• [Work order]:
Pick each line containing the word "della" out of the data below.

= Beginning of Section =

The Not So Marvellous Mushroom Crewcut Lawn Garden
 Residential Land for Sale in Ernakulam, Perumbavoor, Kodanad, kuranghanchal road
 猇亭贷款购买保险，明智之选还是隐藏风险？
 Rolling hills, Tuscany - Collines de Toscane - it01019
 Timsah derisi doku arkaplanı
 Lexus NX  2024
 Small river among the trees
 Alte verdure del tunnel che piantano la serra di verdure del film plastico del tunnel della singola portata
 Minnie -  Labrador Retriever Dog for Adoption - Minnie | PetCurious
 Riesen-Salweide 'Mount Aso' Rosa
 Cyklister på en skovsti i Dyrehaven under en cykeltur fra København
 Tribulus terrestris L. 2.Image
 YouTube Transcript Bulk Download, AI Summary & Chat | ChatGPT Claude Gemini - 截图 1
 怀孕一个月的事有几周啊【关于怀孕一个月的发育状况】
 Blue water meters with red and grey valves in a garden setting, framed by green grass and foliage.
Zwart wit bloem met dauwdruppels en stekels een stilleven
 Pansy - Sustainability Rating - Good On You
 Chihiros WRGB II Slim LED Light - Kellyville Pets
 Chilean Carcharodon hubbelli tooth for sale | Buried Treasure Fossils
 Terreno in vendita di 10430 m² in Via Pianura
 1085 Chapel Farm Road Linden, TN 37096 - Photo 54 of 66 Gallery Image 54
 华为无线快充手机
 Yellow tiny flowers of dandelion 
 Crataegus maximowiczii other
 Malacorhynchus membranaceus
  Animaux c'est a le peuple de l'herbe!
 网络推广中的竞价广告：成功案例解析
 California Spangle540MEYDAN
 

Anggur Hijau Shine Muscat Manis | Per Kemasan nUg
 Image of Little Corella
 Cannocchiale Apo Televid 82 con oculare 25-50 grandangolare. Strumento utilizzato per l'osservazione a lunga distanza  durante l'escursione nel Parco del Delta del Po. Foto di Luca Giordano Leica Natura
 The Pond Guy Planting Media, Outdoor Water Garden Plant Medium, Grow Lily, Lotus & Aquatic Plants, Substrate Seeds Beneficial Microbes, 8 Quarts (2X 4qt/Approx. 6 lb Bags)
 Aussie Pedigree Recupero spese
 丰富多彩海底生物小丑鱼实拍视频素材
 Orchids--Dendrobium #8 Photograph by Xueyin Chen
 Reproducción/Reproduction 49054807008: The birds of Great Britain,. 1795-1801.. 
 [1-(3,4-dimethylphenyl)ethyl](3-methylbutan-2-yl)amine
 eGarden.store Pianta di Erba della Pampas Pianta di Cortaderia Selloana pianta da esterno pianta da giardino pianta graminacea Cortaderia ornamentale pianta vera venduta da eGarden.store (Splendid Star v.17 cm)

= End of Section =

• [Answer for this exercise]:
 Alte verdure del tunnel che piantano la serra di verdure del film plastico del tunnel della singola portata
 eGarden.store Pianta di Erba della Pampas Pianta di Cortaderia Selloana pianta da esterno pianta da giardino pianta graminacea Cortaderia ornamentale pianta vera venduta da eGarden.store (Splendid Star v.17 cm)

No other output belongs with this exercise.